De acordo com Michael Rothwell, também responsável pelo departamento cultural da Comunidade Judaica do Porto, a entidade que realizou a produção, “o massacre e as circunstâncias em que ocorreu são o tema e não o enquadramento. O guião foi realizado pelo nosso centro de investigação em respeito pelas fontes cristãs e judaicas da época e verificado pela Cátedra de Estudos Sefarditas “Alberto Benveniste” da Universidade de Lisboa”.
Neto de judeus alemães mortos em Auschwitz, Michael Rothwell refere existir uma conexão entre o genocídio de Lisboa e muitos outros que a história regista. “Houve sempre um combinado de estereótipos, alegria fanática e terrorismo do esquartejamento nos massacres que, por dois milénios, visaram os judeus em latitudes tão distintas como Alexandria, Granada, Sevilha, Madrid, Toledo, Barcelona, Basileia, Uberlingen, Estrasburgo, Colónia, Worms, Erfurt, Sevilha, Metz, York, Norwich, Trento, Troyes, Berna, Paris, Odessa, Moscovo, Hebrom e recentemente nas áreas fronteiriças do sul Israel.”
O responsável afirma que “o filme-documentário foi reduzido ao mínimo indispensável – cerca de 20 minutos – para que possa ser visto por todos, novos e menos novos, mesmo aqueles que prescindem de longas películas.

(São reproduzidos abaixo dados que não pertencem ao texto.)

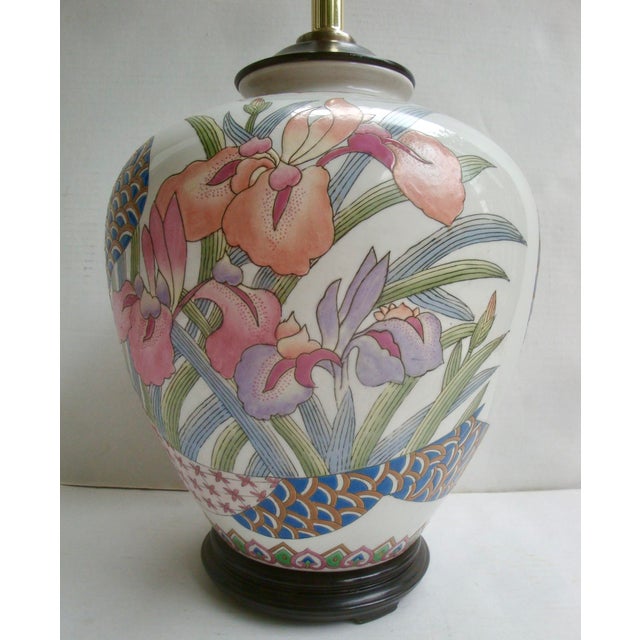 Postmodern 1980s Ceramic Chinoiserie Ginger Jar Lamp Postmodern Iris Flowers For Sale - Image 3 of 6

O modelo também nos permite organizar visionamentos e debates em salas de cinema de todo o mundo, com convidados ilustres e intervenção da plateia, o que é especialmente relevante depois do massacre de 7 de outubro de 2023 em Israel.”
Com a participação de centenas de figurantes trajados e armados, o filme cujo trailer já tem mais de meio milhão de visualizações foi produzido pelo realizador portuense Luís Ismael e contou com atores e atrizes portugueses como Rui Spranger, Carlos Sebastião, Bel Viana, Filipe Amorim, Anabela Nóbrega, João Pamplona, Ângela Marques, Pedro Ferreira, Alfredo Pinto, Pedro Damião e Alexandre Martins.

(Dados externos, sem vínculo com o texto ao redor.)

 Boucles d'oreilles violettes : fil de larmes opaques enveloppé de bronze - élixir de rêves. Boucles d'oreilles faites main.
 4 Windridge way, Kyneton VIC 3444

Novas sessões e debates com especialistas estão já agendados para Lisboa, Madrid, Paris, Bruxelas, Munique, Londres, Joanesburgo e Sydney. Na capital portuguesa, o evento está agendado para o dia 2 de maio, no Cinema City do campo Pequeno, e o debate contará com as presenças confirmadas dos historiadores Susana Mateus e Jorge Martins, da analista Helena Ferro Gouveia, do escritor Francisco José Viegas e da jornalista Miriam Assor.

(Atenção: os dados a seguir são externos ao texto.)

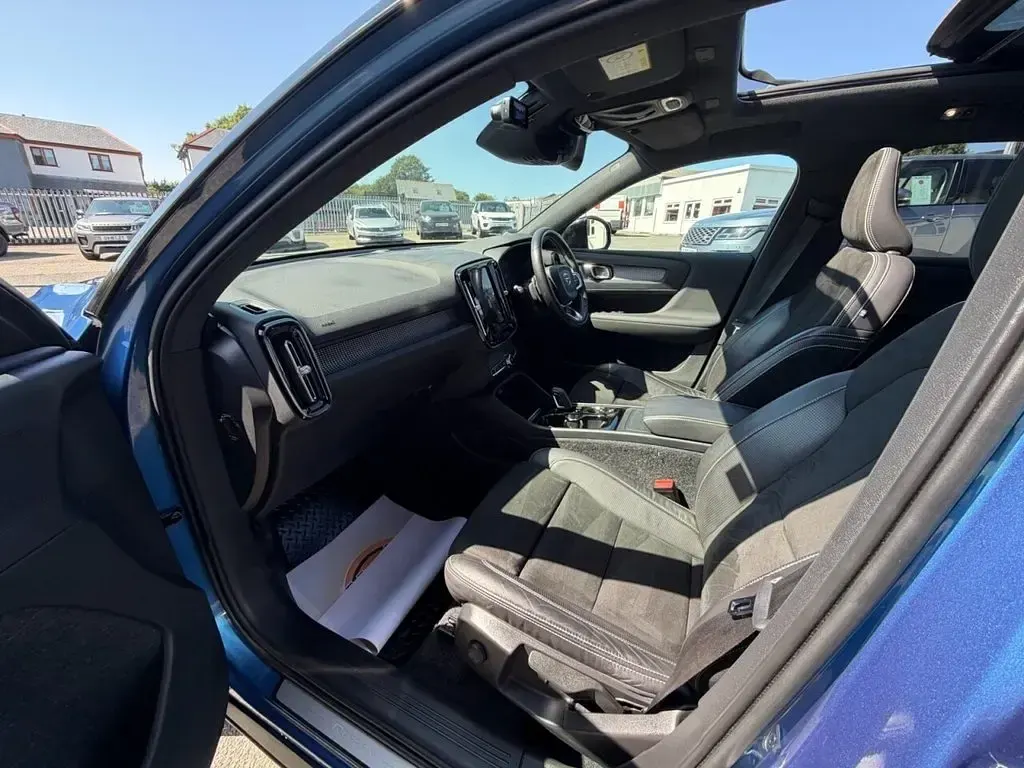 Used Volvo XC40 R-Design 190 HP (139 kW) 2020 Blue SUV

O novo filme-documentário sobre o massacre de Lisboa não é a primeira produção cinematográfica da Comunidade Judaica do Porto. O seu trabalho mais destacado é a longa-metragem “1618” – o filme português mais internacionalmente premiado de sempre – sobre a última grande visita do Santo Ofício à cidade do Porto. Uma outra produção – “Sefarad” – conta a história daquela comunidade centenária, com destaque para o papel do seu primeiro presidente, o capitão Barros Basto, conhecido internacionalmente como o “Dreyfus português” por ter sido expulso do exército, em 1937, em virtude de ter circuncidado os seus alunos, o que foi então considerado “imoral”.